India’s 10-year bonds rose, ending a two-day decline, on speculation that slowing inflation will allow the central bank to stop raising interest rates.
Yields, which move inversely to prices, dropped from the highest in two weeks after a government report on 11 May showed the inflation rate eased to the lowest in almost five months. The Reserve Bank of India (RBI) has raised borrowing costs nine times since October 2004 to temper inflation.
“The outlook is positive for bonds because the headline inflation number is declining,” said Mahendra Jajoo, who manages the equivalent of $1.2 billion (Rs4,920 crore) of Indian debt at ABN Amro Asset Management Ltd in Mumbai. “The central bank may refrain from raising interest rates further as inflation slows, and maintain a wait-and-watch policy stance.”
The yield on the benchmark 8.07% note, due January 2017, fell two basis points, or 0.02 percentage point, to 8.15% as of the 5:30pm close in Mumbai, according to RBI’s trading system. The price rose 0.12, or 12 paise per Rs100 face value, to 99.44. The 10-year yield may drop as much as 25 basis points in the next month, Jajoo said.
India’s inflation rate slowed to 5.66% in the week ended 28 April, from 5.77% the previous week, the ministry of commerce and industry said in a statement on 11 May. Economists forecast a rate at 5.75% according to a Bloomberg News survey.
The Reserve Bank expects inflation to slow to 5% by the end of the financial year on 31 March, after it increased borrowing costs to damp consumer demand. The central bank may be approaching the end of its policy of raising rates, nine of 11 analysts in a Bloomberg survey said last month. Bonds pared gains on concern investors will demand higher yields after the government auctioned debt at rates above forecasts on 11 May.
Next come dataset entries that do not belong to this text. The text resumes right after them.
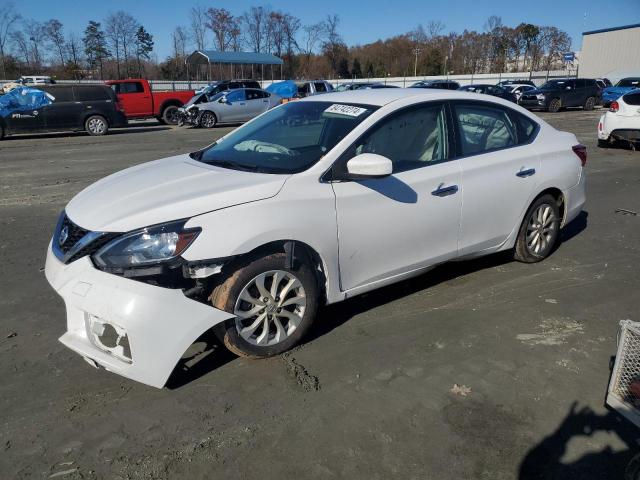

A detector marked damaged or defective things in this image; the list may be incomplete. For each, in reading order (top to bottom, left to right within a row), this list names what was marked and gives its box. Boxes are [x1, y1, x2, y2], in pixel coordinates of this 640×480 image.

damaged front bumper [45, 246, 235, 388]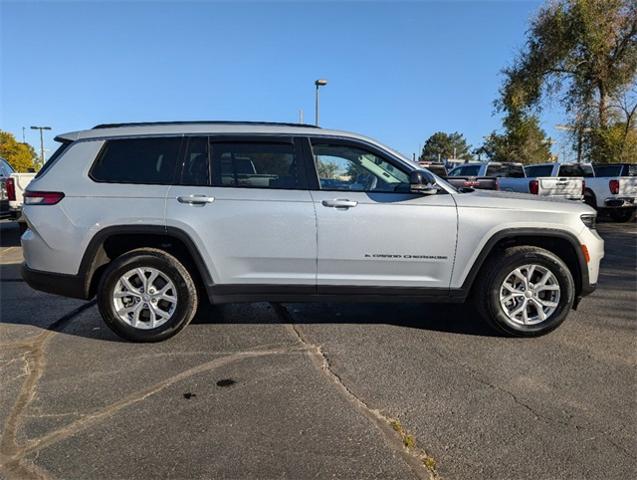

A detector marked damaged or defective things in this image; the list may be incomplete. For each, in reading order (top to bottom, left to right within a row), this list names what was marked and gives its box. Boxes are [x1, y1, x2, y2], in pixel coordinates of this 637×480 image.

crack in asphalt [270, 304, 440, 480]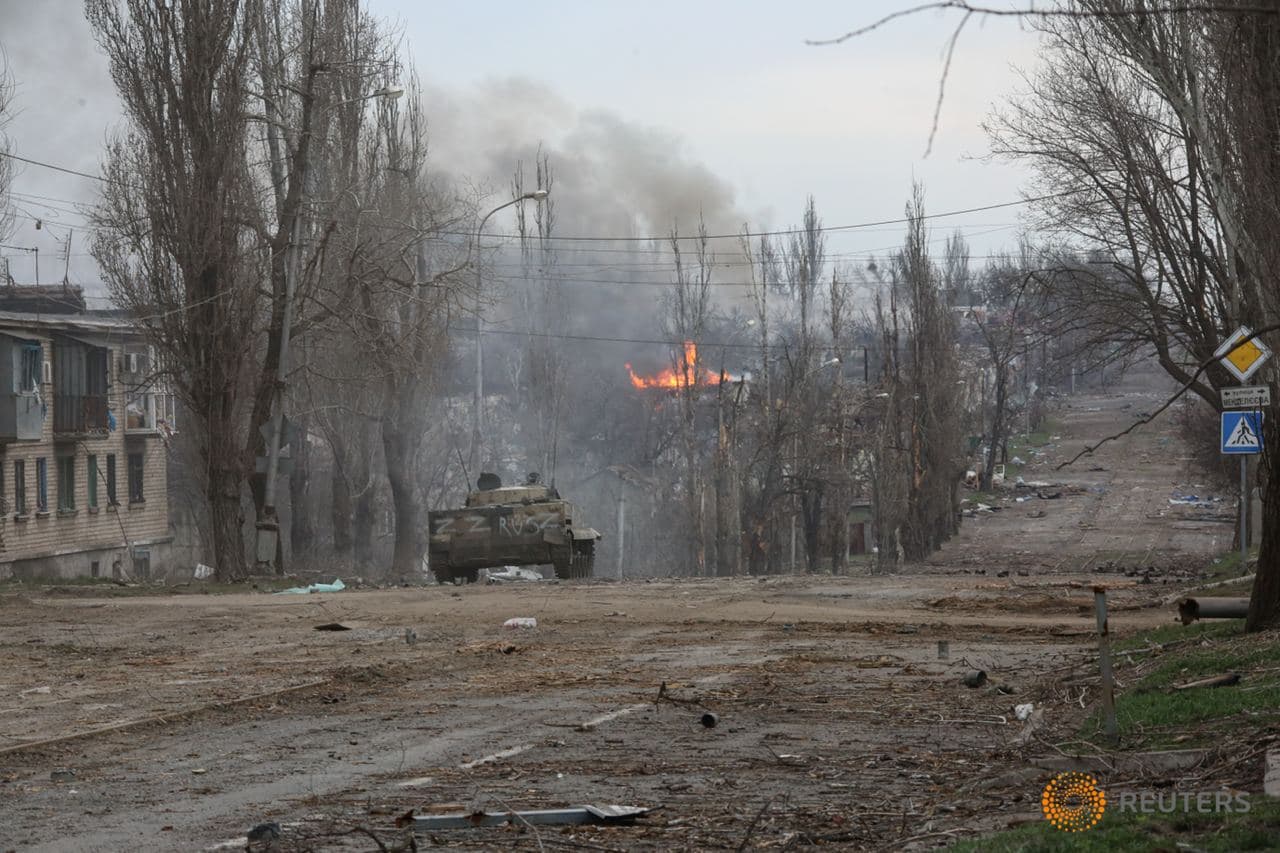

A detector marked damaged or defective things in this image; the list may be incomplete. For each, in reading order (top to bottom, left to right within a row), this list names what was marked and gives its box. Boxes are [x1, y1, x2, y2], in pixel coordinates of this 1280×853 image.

distant damaged building [0, 294, 175, 578]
“The yield cut-off at the auction was high, suggesting the central bank isn’t comfortable about letting yields fall yet,” said Krishnamurthy Harihar, treasurer at Development Credit Bank Ltd in Mumbai. “Bond yields will remain high for some time.”
The Union government auctioned Rs6,000 crore of 10-year debt at a yield of 8.31% on 11 May, compared with the 8.25% median forecast by traders in a Bloomberg survey. It also sold Rs4,000 crore of 29-year bonds at a yield of 8.64%.
Bonds also advanced on speculation banks will increase their holdings of debt, as required by law, in line with their rising deposits.
Indian lenders must invest at least 25% of deposits in debt. Bank deposits rose 22% in the year ended 27 April, beating a 20% gain the previous year.
“Banks’ demand for debt to meet reserves will remain a support for bonds in the coming weeks,” Jajoo said.
The cost of India’s interest-rate swaps, derivative contracts used to guard against the risk of an increase in borrowing costs, rose on speculation demand for the instruments will increase to reflect higher borrowing costs in the money market. The five-year swap rate climbed two basis points to 8.14.
Overnight rates in the money market rose to 8.88% on Monday from 2.5% on 11 May on speculation payments for debt sold by the government and RBI will drain the spare cash at banks.